SUPPLIED INFORMATION below:

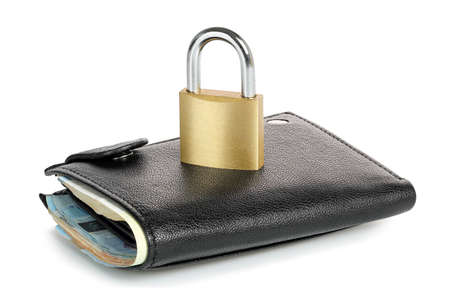 padlock on leather wallet isolated, money protection conceptの写真素材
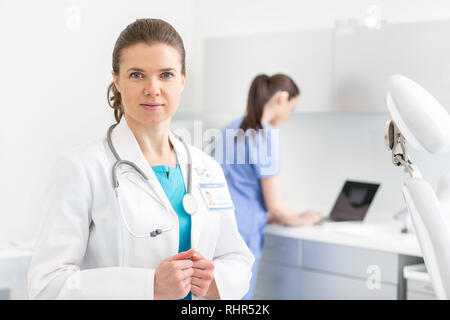 Portrait of smiling doctor standing against nurse using laptop in clinic Stock Photo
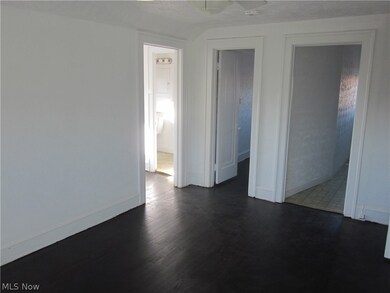 Unfurnished bedroom with dark hardwood / wood-style floors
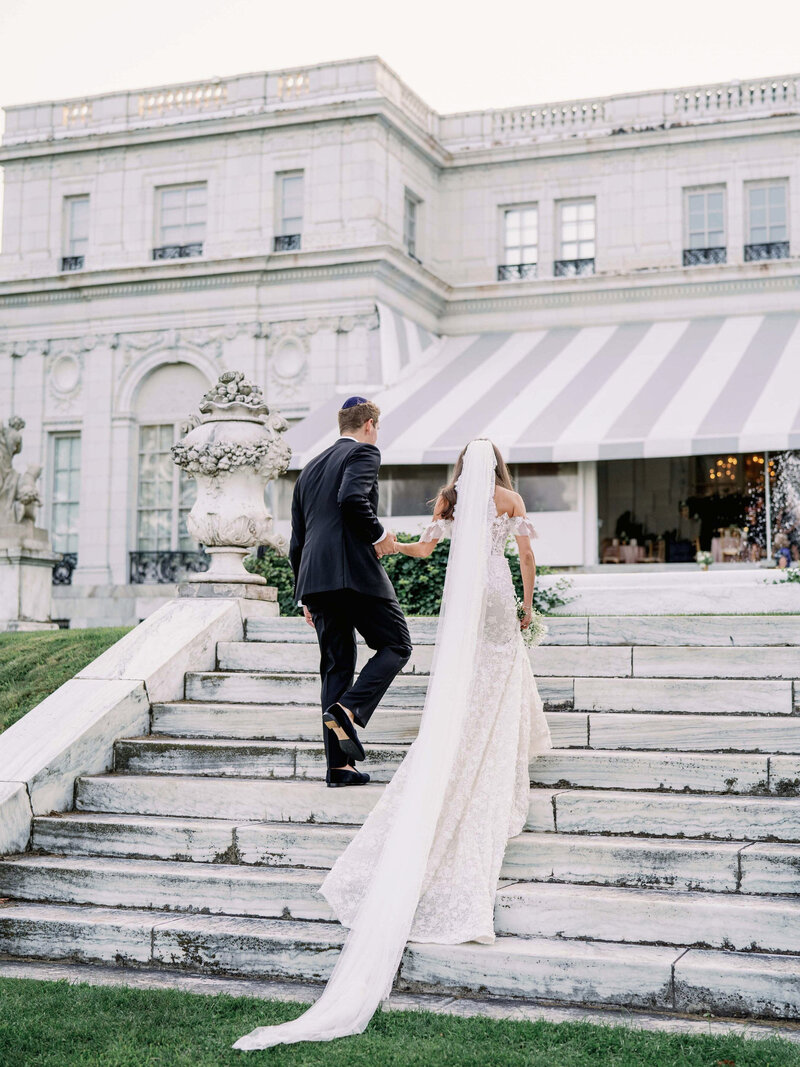 A wedding ceremony exit outside at Rosecliff Mansion in Rhode Island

End of SUPPLIED INFORMATION.

EXERCISE PROMPT:
Output the listing above in full, exactly. No images.

RESPONSE TO THIS TASK:
 padlock on leather wallet isolated, money protection conceptの写真素材
 Portrait of smiling doctor standing against nurse using laptop in clinic Stock Photo
 Unfurnished bedroom with dark hardwood / wood-style floors
 A wedding ceremony exit outside at Rosecliff Mansion in Rhode Island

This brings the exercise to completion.